** Opening GIVEN RECORDS block **

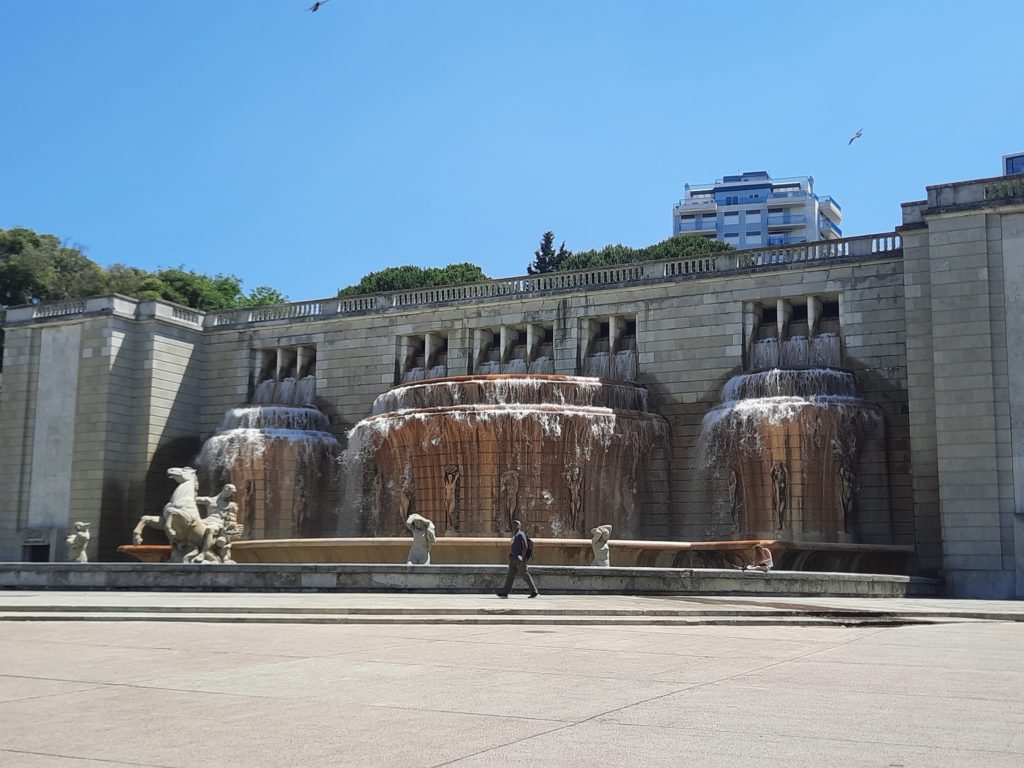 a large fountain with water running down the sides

** Closing GIVEN RECORDS block **
** Opening GIVEN RECORDS block **

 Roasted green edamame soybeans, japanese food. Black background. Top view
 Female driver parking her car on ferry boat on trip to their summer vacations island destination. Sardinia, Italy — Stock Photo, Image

** Closing GIVEN RECORDS block **
** Opening GIVEN RECORDS block **

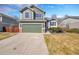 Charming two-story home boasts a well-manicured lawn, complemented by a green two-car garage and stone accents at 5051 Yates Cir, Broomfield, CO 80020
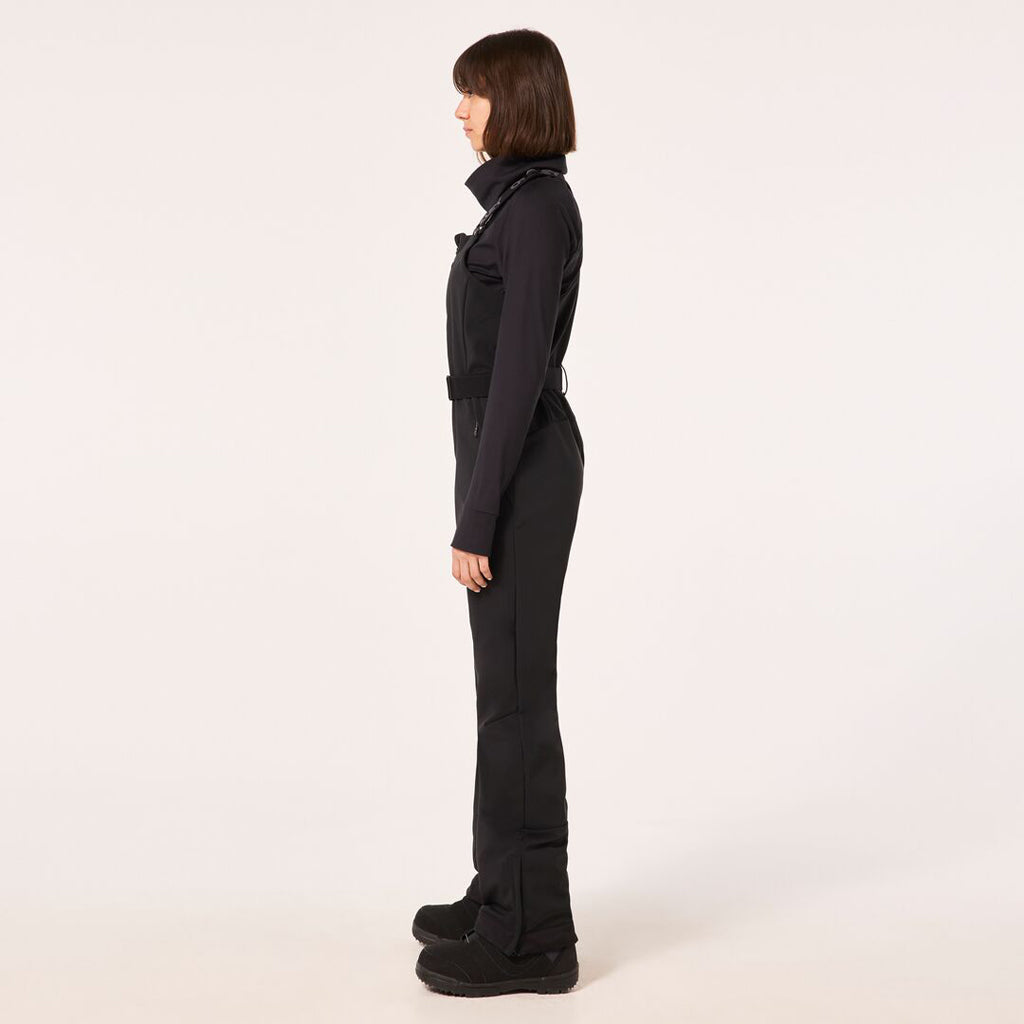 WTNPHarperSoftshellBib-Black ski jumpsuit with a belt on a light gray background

** Closing GIVEN RECORDS block **

▶ [THE PROBLEM]
Here the job is to set down exactly the lines of the material above that fall between the one with "Roasted green edamame" and the one with "Female driver parking", inclusive, and nothing beyond them.

▶ [RESULT OF THE EXERCISE]
 Roasted green edamame soybeans, japanese food. Black background. Top view
 Female driver parking her car on ferry boat on trip to their summer vacations island destination. Sardinia, Italy — Stock Photo, Image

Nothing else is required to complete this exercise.